In die Algorithmen der Vergleiche sollten also nur objektive, für den Produktvergleich aus Verbrauchersicht relevante Kriterien einfließen dürfen. Provisionen, andere Zahlungen oder geschäftliche Beziehung zwischen Anbieter und Vergleichsportal dürfen keinen Einfluss auf die optische Darstellung der Angebote oder das Ranking haben. Alle Ergebnisse müssen nach den gleichen Standards präsentiert bzw. dargestellt werden. Selbstverständlich können Provisionen legitim für die Vermittlung sein, in keinem Fall aber für das „Erkaufen“ von höheren Positionen im Ranking. Das wären eher Werbeanzeigen und diese sollten auch als solche klar gekennzeichnet werden.
Online-Buchungsportale stehen ohnehin unter Beobachtung der Wettbewerbshüter. Wie viel Markt gibt es in diesem Bereich aus Ihrer Sicht überhaupt?

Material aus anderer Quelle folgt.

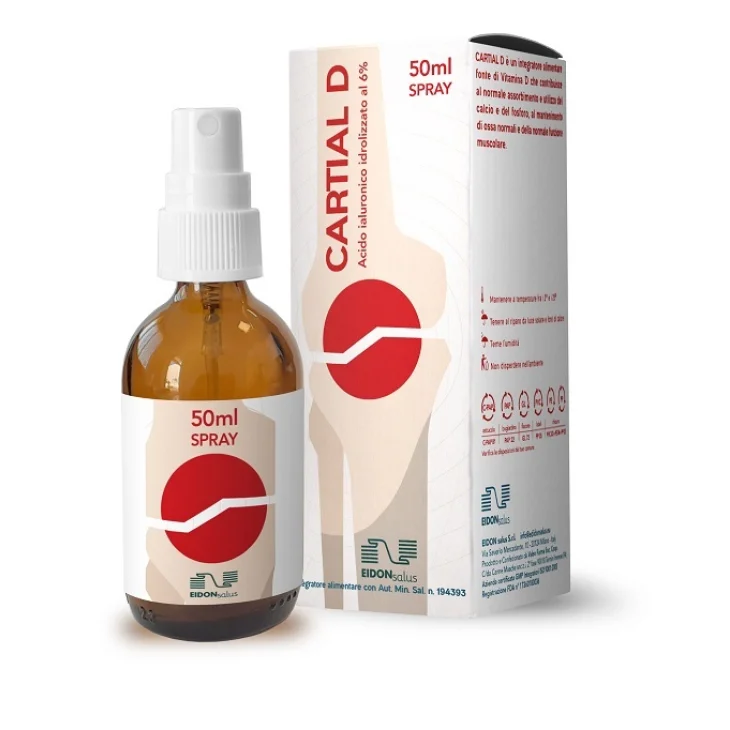 CARTIAL D 50ML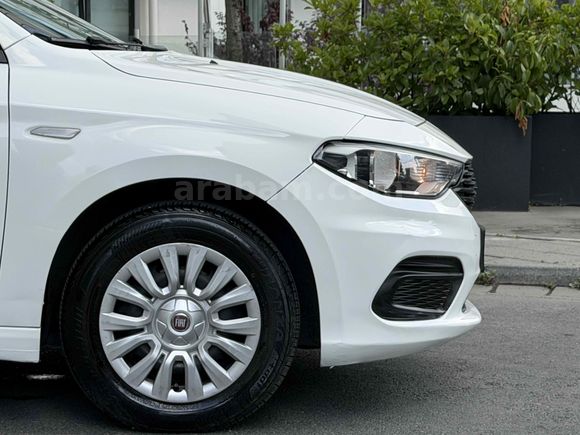 Galeriden Fiat Egea 1.3 Multijet Easy 2017 Model İstanbul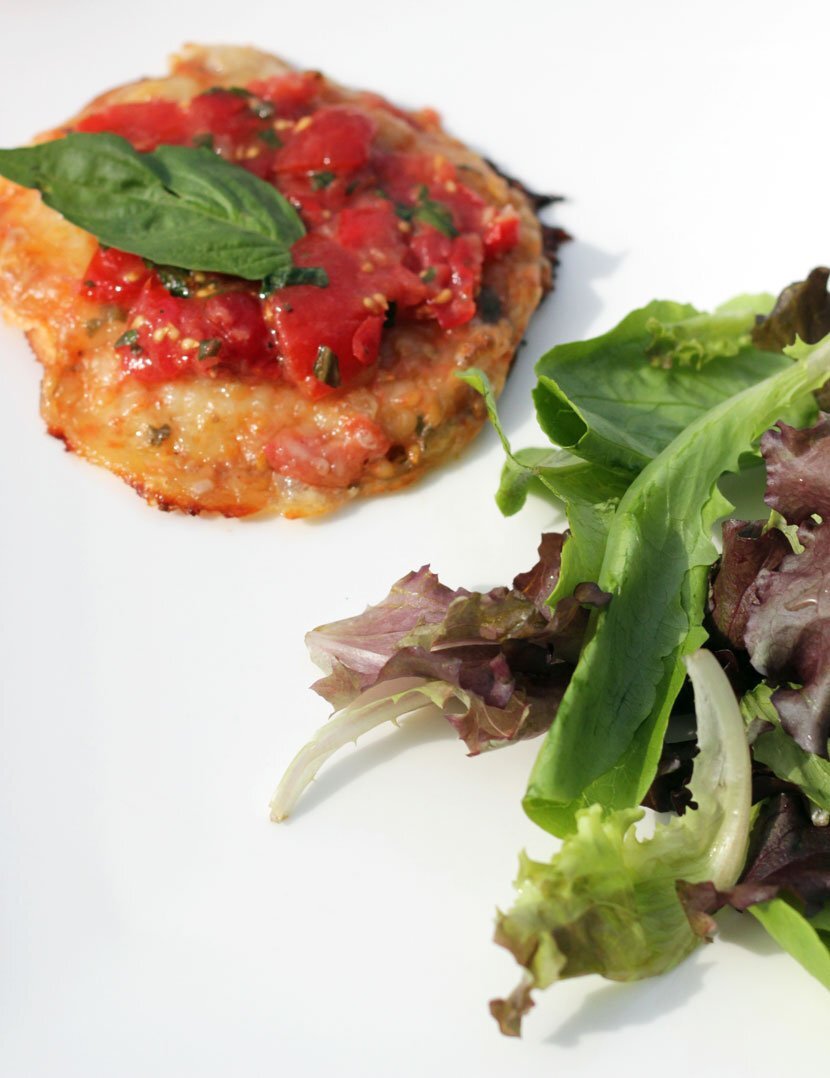 Pancake salé Recette Ptitchef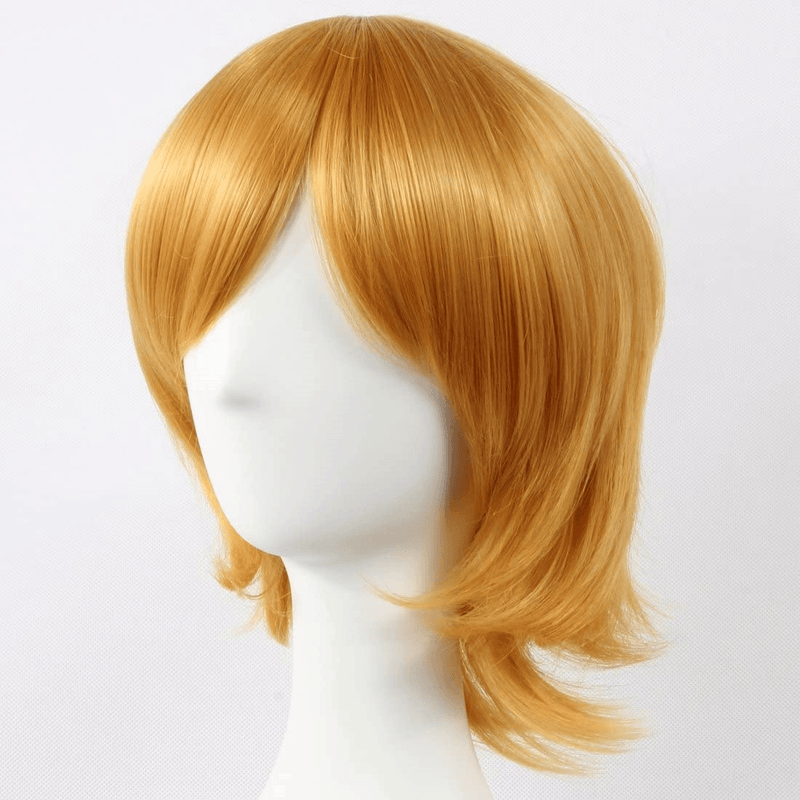 black butler ronald knox cosplay wig - CrazeCosplay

Das Bundeskartellamt geht völlig zurecht gegen sogenannte Bestpreisklauseln vor. Das sind Vertragsklauseln, mit denen Hotelportale Hotels verbieten an anderer Stelle ihre Zimmer zu einem günstigeren Preis anzubieten. Wenn Plattformen nun ihre Rankings als Hebel nutzen um das gleiche zu erreichen, was sie bisher über Bestpreisklauseln durchgesetzt haben, ist das ein echtes Problem, weil das den Preiswettbewerb im Markt gefährdet. Und mit Preiswettbewerb meine ich auch einen Preiswettbewerb um die Höhe der Provision, die Plattformen von Hotels für die Vermittlung verlangen. Wenn eine Plattform niedrigere Provision verlangt, sollte sich das in niedrigeren Zimmerpreisen niederschlagen, wenn die Hotels diese in Form niedrigere Zimmerpreise an die Verbraucher weiterreichen könnten, ohne an anderer Stelle einen Nachteil zu befürchten.
Welchen Regulierungsbedarf sehen Sie insgesamt bei den Online-Buchungsportalen?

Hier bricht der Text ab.